How I Learned to Stop Worrying and Love JSON Schema
[TOC]
Intro
This post operates on a few shared assumptions. So, we need to explicitly state them, or otherwise you will read things that are more or less rational but they will appear to be garbage.
- APIs are good
- Many APIs are web APIs
- Many web APIs consume and produce JSON
- JSON is good
- JSON is better if you know what will be in it
So, JSON Schema is a way to increase the number of times in your life that JSON is better in that way, therefore making you happier.

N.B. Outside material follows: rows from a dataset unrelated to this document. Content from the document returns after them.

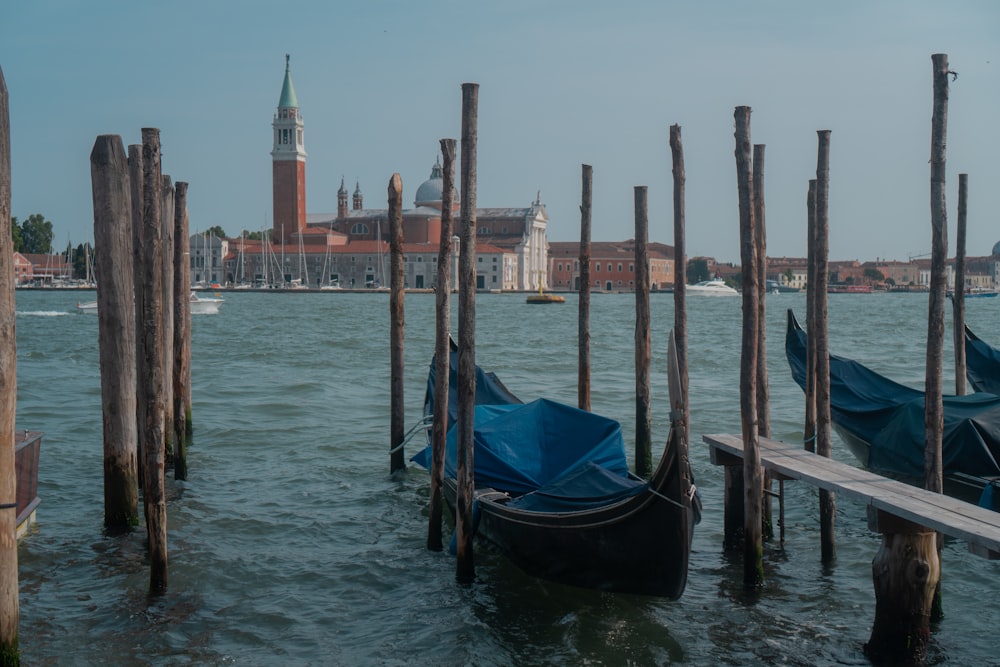 a couple of boats that are sitting in the water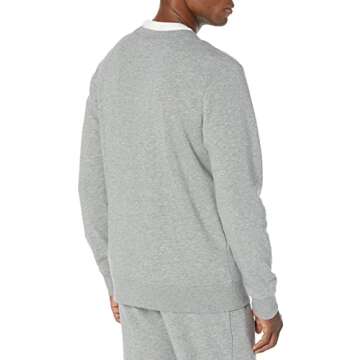 Amazon Essentials Men's Lightweight Long-Sleeve French Terry Crewneck Sweatshirt (Available in Big & Tall), Grey Heather, Large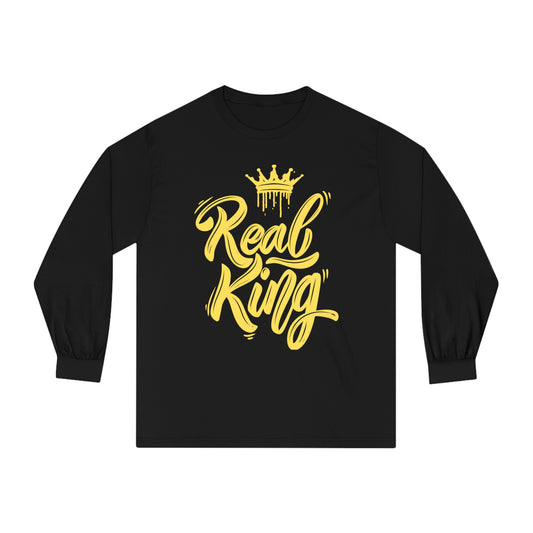 Real King, gold text, Classic Long Sleeve T-Shirt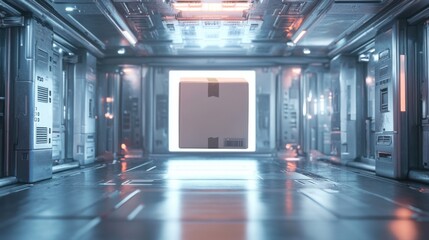 Poster - A 3D render of a blank packaging box floating in a futuristic room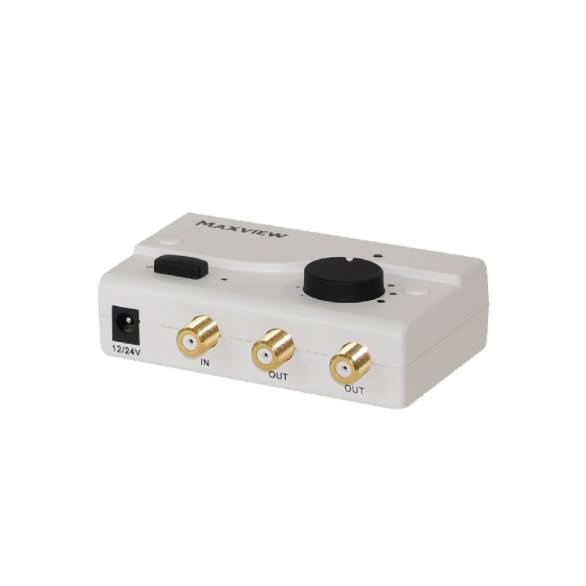 En kompakt antenn med flera anslutningar för husbilar.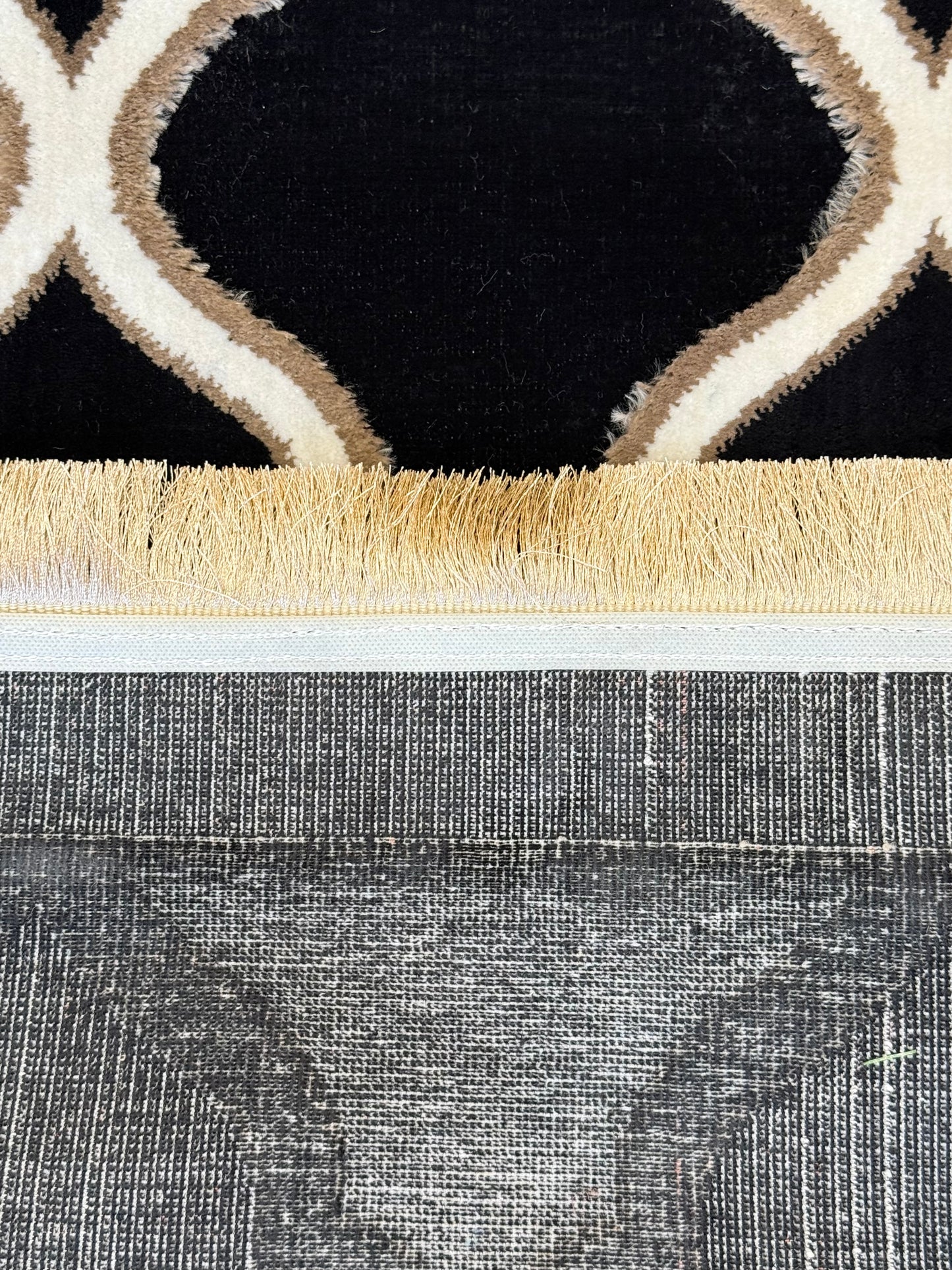 Chenille Moroccan Elegance Black Rug 125x170cm (4.1x5.7)ft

So, let's do a quick intro on JSON Schema. You can always read a much longer and surely better one from which I stole most examples at Understanding JSON Schema. later (or right now, it's your time, lady, I am not the boss of you).
Schemas
So, a JSON Schema describes your data. Here is the simplest schema, that matches anything:
{ }
Scary, uh? Here's a more restrictive one:
{
"type": "string"
}
That means "a thing, which is a string." So this is valid: "foo"
and this isn't 42
Usually, on APIs you exchange JSON objects (dictionaries for you pythonistas), so this is more like you will see in real life:
{
"type": "object",
"properties": {
"street_address": { "type": "string" },
"city": { "type": "string" },
"state": { "type": "string" }
},
"required": ["street_address", "city", "state"]
}
That means "it's an object", that has inside it "street_address", "city" and "state", and they are all required.
Let's suppose that's all we need to know about schemas. Again, before you actually use them in anger you need to go and read Understanding JSON Schema. for now just assume there is a thing called a JSON Schema, and that it can be used to define what your data is supposed to look like, and that it's defined something like we saw here, in JSON. Cool?
Using schemas
Of course schemas are useless if you don't use them. You will use them as part of the "contract" your API promises to fulfill. So, now you need to validate things against it. For that, in python, we can use jsonschema
It's pretty simple! Here is a "full" example.
import jsonschema
schema = {
"type": "object",
"properties": {
"street_address": {"type": "string"},
"city": {"type": "string"},
"state": {"type": "string"},
},
"required": ["street_address", "city", "state"]
}
jsonschema.validate({
"street_address": "foo",
"city": "bar",
"state": "foobar"
}, schema)
If the data doesn't validate, jsonchema will raise an exception, like this:
>>> jsonschema.validate({
... "street_address": "foo",
... "city": "bar",
... }, schema)
Traceback (most recent call last):
File "<stdin>", line 4, in <module>
File "jsonschema/validators.py", line 541, in validate
cls(schema, *args, **kwargs).validate(instance)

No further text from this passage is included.